OBNOXIOUS SPORTS PARENTS: Does Your Child Ask This Question?

 

“Will You Still Love Me If I Don’t Win?”

By Doug Abrams

 

I appreciate non-fiction books whose titles or subtitles provoke thought, even before I open the pages and begin reading.  Once the cover piques interest, reading the book itself is like icing on the cake.

One such book is “Will You Still Love Me If I Don’t Win?: A Guide for Parents of Young Athletes,” written by Christopher Andersonn (with Barbara Andersonn).  To be quite candid, I have not read it but the eye-catching title stimulates me to write this column. 

The title underscores advice that the American Academy of Pediatrics gives parents and coaches who want their children to thrive in sports:  “Adults must clearly show that the child’s worth is unrelated to the outcome of the game.”  “Good effort should be praised,” the Academy explains, and “[u]nconditional approval should be given for participating and having fun.”

Reward Performance, Not Outcome

“Unrelated to the outcome of the game” . . . “praise” . . . “unconditional approval” . . . .  The point is that parents and coaches should reward children for the quality of their performance (which the players can control), and not for the outcome of the game (which individual players usually cannot control).  This distinction between “performance goals” and “outcome goals,” drawn helpfully by the Positive Coaching Alliance’s Jim Thompson, remains central for parents who understand children’s reactions to praise they have earned.    
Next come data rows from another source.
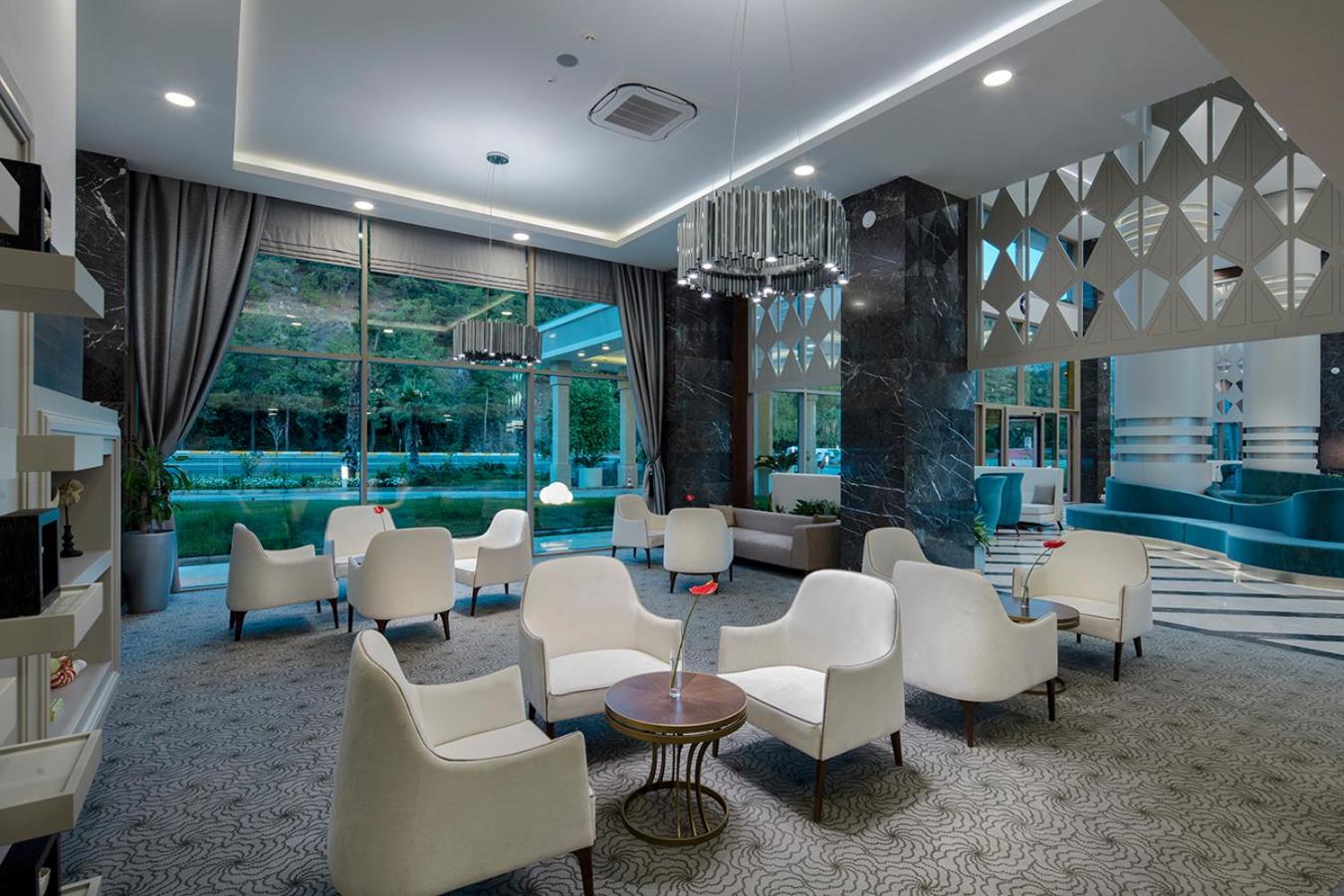 Dosinia Luxury Resort plašā lobby zona ar modernām mēbelēm, dizaina lustrām un skatu uz viesnīcas apzaļumoto teritoriju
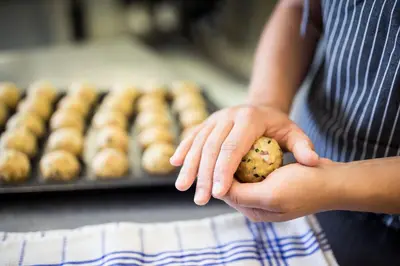 a person holding a potato in their hands with a tray of doughnuts at Hotel Dolomitenblick in Terento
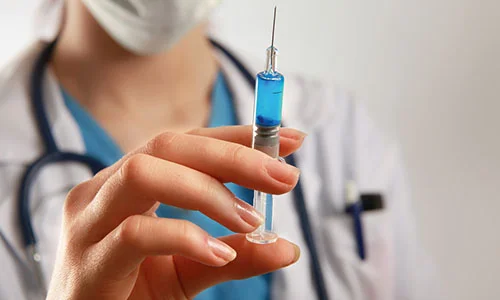врач держит шприц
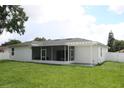 Spacious backyard with covered patio and screened enclosure at 1148 Bancroft St, Deltona, FL 32725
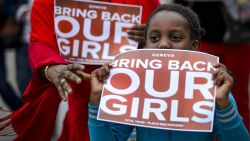 A young participant shows a placard during a demonstration in Geneva on May 10, 2014 in support of the abducted Nigerian school girls and their families. 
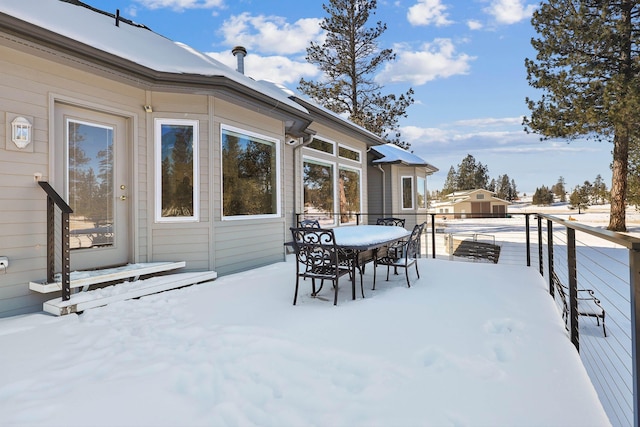 view of snow covered deck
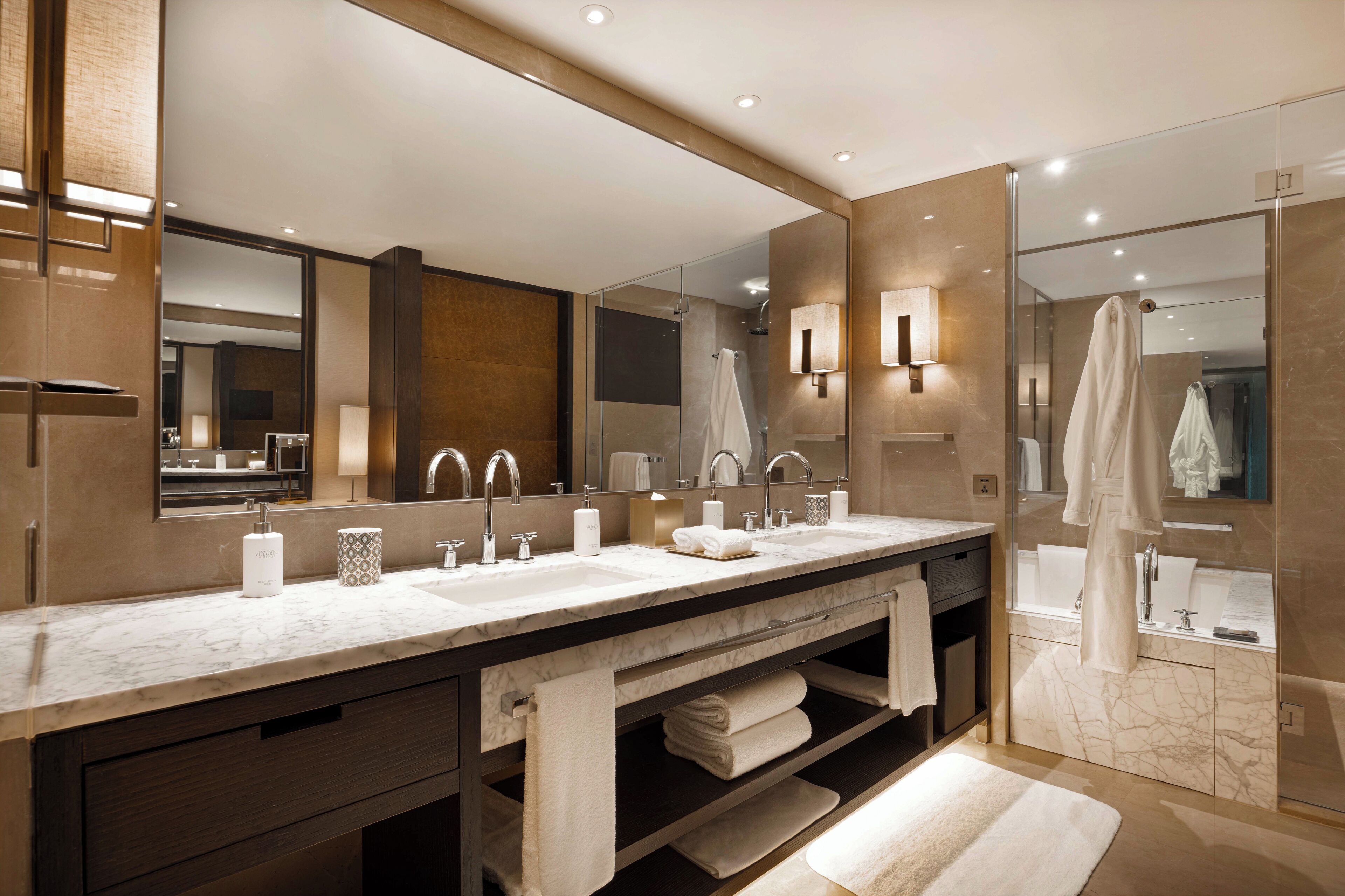 designer toiletries, hair dryer, bathrobes, towels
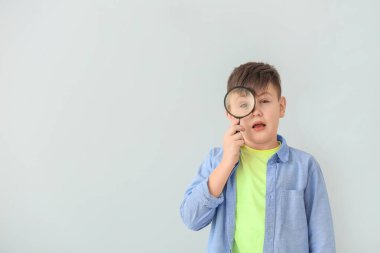 Gri arka planda büyüteci olan şirin bir okul çocuğu.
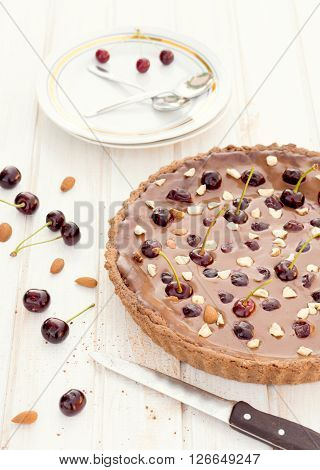 Tart cake with chocolate and cherries.Selective focus on the tart cake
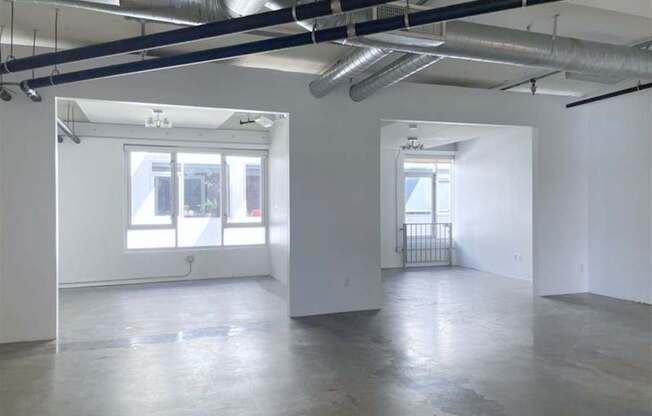 A large empty room with a window and a door.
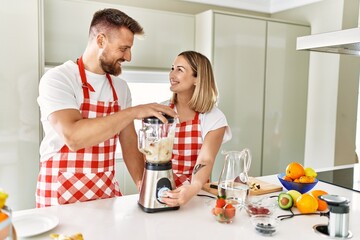 Young couple smiling confident making smoothie using blender at kitchen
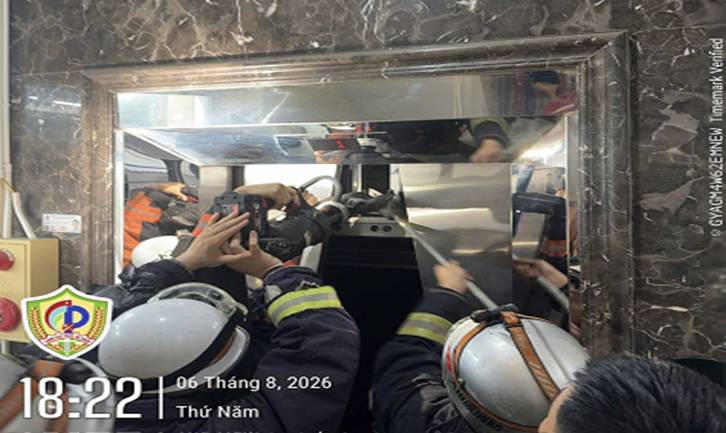 Lực lượng Cảnh sát PCCC&CNCH sử dụng kìm chuyên dụng để mở cửa thang máy bị kẹt. (Ảnh: Công an TP Hà Nội)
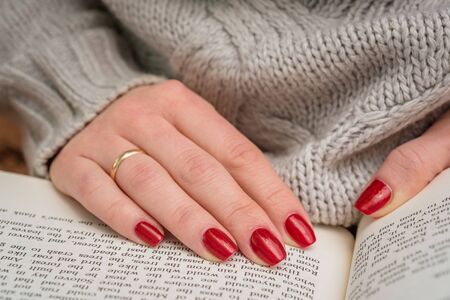 The girl in the knitted sweater sitting at the table reading a book. Closeup.の写真素材
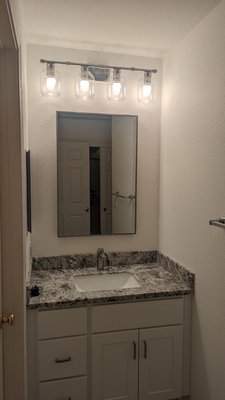 Photo of A Tamam Construction - South San Francisco, CA, US. New vanity, light fixture and mirror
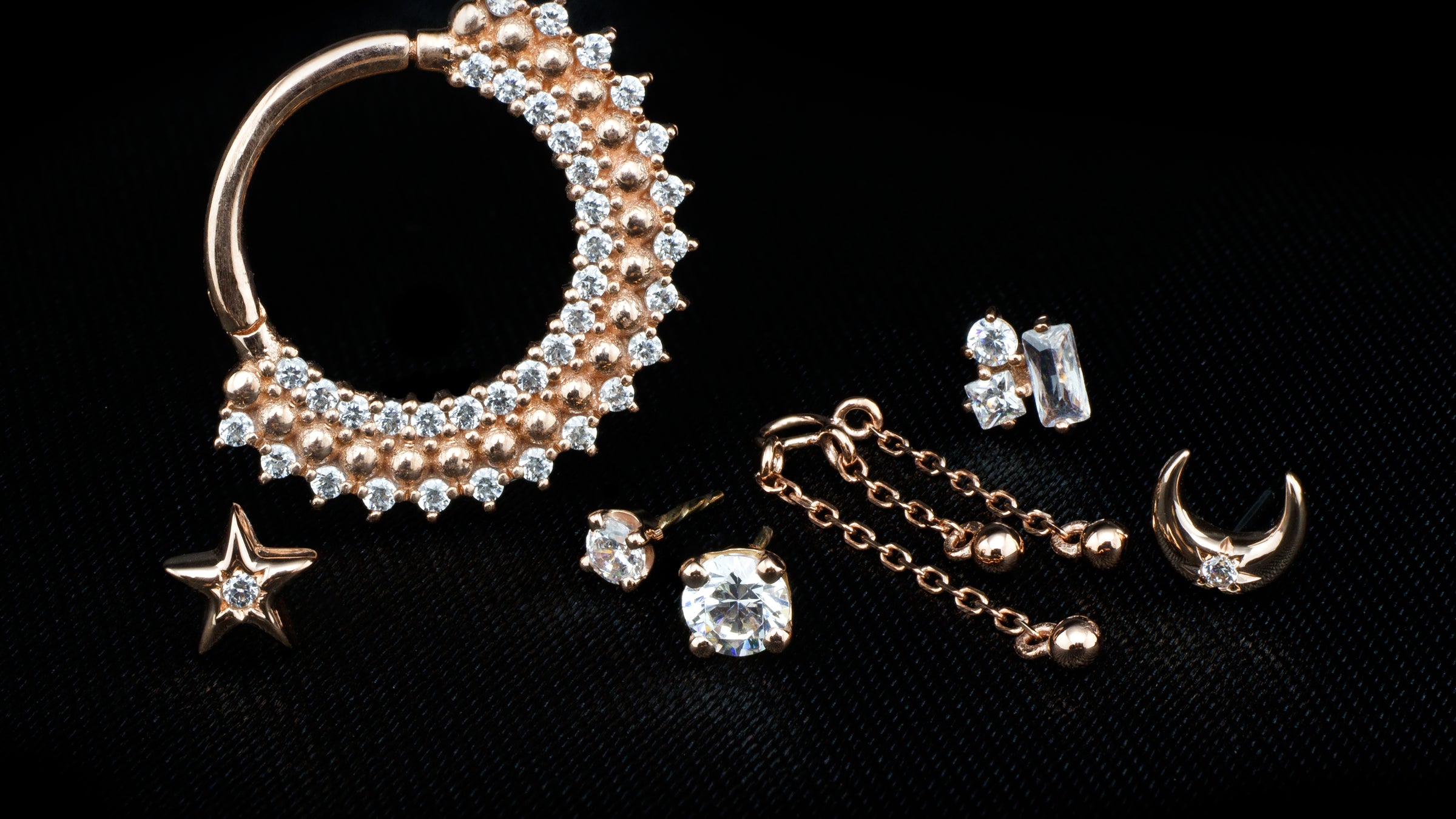 A collection of solid rose gold body jewelry pieces on a black cloth background. With white swarovski crystals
What should a young player think when her parents take her out for ice cream after the team wins, but not after the team loses?  Or after the player gets the big hit or scores the big touchdown, but not after he strikes out or fumbles the ball? 

And what should a young player think when the coaches lavish praise after wins or big plays, but remain non-communicative and even verbally hostile after losses or missed plays?

Children are sensitive to the verbal and non-verbal cues that the adults in their lives deliver wittingly or unwittingly.  When parents or coaches convey the subtle message that they appreciate the player more in good times than in bad, the player will get the message — even if the parents or coaches did not mean to convey it.  The lesson for adults is that they need to be careful with players who take their sport seriously, crave adult approval, and remain perceptive about what their parents and coaches do and say.

Facts of Athletic Life

Once players have given their best effort, parents and coaches send the right message when they treat victory and defeat alike.  Teams should try to win every game because striving to win within the rules is the essence of competitive sports.  I suspect, though, that parents and coaches sometimes let down their guard because they mistakenly compare defeat to failure. 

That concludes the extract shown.